Someone asked me if that’s because I put it away for a while to work on other things? No, not really. Ethel was just a little pokey in her journey to find the right ‘owner’. She finally found her person when Margaret Ferguson, of Margaret Ferguson Books, Farrar Straus and Giroux, adopted her.
Blue Ethel had a book birthday a few weeks ago. Today I thought that I would share a little about writing and illustrating her story.
Also, leave a comment for the chance to WIN A BOOK!
Suzanne will announce the winner on her post next Tuesday.
This is a real picture of my sister-in-law’s cat, Ethel.
(Well, almost a real picture. She had those cat-reflective-demon eyes, so I added some pupils.)
We were visiting the New York Reinhardts when all of a sudden Ethel trotted in from outside. The square little cat stood in the center of the living room poised for admiration. Her belly hung low and her skinny tail stood straight up like an antenna.
I remember vividly dropping my jaw and squealing, “Ethel is BLUE!”
It took several minutes to come to the realization that she had rolled in my niece’s and daughter’s sidewalk chalk masterpieces.
I wondered how Ethel felt when she heard our giggles? And from that moment on I knew that I wanted to write and illustrate her story.
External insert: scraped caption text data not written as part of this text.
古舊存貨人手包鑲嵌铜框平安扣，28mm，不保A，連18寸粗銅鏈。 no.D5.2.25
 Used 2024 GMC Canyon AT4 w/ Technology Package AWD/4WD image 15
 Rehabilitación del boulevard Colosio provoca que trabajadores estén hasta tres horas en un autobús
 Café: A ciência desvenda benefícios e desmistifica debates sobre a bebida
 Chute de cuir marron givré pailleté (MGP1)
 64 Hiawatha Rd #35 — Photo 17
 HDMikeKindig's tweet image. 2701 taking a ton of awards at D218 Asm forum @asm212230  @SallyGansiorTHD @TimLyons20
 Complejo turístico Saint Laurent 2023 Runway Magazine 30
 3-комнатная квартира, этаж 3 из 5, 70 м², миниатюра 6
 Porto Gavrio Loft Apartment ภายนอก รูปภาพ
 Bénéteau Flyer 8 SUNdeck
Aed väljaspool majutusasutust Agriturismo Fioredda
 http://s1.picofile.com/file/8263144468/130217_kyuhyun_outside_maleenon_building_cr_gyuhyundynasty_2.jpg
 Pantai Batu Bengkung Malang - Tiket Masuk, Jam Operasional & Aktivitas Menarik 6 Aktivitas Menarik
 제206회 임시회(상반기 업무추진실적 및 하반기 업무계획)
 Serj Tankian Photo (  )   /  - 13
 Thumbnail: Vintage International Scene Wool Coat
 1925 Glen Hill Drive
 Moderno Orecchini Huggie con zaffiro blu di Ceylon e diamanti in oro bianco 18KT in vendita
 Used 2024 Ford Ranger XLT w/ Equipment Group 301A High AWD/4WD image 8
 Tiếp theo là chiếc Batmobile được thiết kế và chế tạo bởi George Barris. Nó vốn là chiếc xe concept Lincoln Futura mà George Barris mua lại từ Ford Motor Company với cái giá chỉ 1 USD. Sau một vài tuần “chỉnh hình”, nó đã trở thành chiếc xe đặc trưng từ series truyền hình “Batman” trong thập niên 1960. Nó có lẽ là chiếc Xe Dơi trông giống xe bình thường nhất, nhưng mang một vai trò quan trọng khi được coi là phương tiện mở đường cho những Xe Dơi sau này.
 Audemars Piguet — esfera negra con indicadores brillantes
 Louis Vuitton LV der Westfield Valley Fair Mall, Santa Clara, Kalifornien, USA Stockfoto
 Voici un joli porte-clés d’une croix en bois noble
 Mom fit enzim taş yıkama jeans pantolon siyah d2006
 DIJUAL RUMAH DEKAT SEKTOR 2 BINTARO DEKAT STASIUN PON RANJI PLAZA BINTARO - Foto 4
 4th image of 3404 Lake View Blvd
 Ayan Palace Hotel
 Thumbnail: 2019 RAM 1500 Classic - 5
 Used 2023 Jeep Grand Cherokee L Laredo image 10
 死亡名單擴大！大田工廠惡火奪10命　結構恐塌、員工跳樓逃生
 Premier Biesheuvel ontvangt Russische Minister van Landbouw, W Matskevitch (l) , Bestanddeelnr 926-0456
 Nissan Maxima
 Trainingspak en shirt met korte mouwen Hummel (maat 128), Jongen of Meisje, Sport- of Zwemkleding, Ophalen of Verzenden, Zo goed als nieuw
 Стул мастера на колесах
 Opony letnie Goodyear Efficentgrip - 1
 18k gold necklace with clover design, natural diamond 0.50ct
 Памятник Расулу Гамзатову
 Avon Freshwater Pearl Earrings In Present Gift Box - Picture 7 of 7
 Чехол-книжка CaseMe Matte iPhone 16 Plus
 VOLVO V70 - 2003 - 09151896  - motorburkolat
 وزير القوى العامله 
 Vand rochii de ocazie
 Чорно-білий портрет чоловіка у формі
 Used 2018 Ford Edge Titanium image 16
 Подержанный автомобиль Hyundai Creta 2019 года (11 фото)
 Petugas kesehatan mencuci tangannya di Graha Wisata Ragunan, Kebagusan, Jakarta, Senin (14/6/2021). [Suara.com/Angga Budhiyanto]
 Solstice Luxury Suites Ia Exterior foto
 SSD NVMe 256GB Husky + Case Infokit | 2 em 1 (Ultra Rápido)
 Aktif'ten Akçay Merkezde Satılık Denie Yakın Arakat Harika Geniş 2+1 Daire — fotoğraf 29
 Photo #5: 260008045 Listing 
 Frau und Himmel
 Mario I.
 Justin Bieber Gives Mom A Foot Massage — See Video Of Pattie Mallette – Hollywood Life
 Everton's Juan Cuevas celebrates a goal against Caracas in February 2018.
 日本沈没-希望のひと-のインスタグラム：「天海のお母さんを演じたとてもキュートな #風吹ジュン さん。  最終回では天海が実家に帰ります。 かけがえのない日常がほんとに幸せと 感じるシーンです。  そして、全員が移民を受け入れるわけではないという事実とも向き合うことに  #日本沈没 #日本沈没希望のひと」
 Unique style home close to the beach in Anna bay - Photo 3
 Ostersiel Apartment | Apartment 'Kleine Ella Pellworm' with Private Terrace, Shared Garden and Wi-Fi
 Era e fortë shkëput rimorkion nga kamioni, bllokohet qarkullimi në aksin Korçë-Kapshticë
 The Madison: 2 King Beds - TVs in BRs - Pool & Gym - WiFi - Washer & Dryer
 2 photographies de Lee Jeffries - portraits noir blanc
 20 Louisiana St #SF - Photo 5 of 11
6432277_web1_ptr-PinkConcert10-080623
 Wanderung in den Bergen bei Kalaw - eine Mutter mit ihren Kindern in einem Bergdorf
“Ethel was old. She was fat. She was black. She was white. And she was very set in her ways.”
I imagined a cat who was an exaggeration of what I think about cats (I had Maxfield, a girl calico, named after the illustrator (Maxfield Parrish), for over 20 years). I believe cats to be rather ‘self-focused’ shall we say?
And so I began to picture a cat who took her “work” very seriously. Ethel’s menial tasks were her life’s occupation.
“Every day Ethel went outside to survey the land.”
So, what would happen if this meticulous cat rolled in sidewalk chalk, as the real Ethel did, and found herself blue?!
When Ethel turns blue, she feels blue. She’s too distraught to go on with her day and finish her outside work.
Until she meets Fluffy, who shows her that trying new things can be fun and together they become…
I hope that readers will discover, as Ethel does, that seeing yourself as beautiful ‘no matter what’ can allow us the opportunity to grow in our own uniqueness, creativity, and self-expression.
Blue Ethel is a story about being yourself, and friendship, but it’s also about taking some risks and trying new things.
At Ethel’s launch party yesterday an older gentleman with rainbow suspenders raised his hand during Q&A. He said that he believes that Blue Ethel should be required reading for senior citizens. That he was old, he was fat, and he was probably rather set in his ways. He said it would do him and many others he knew, some good to open their eyes and try new things!
I welled up a bit at that beautiful sentiment.
So, Blue Ethel is now out in the world. I would love it if she could bring some smiles, and share some color, with all ages.
“It wasn’t easy being Ethel, but she was good at it.”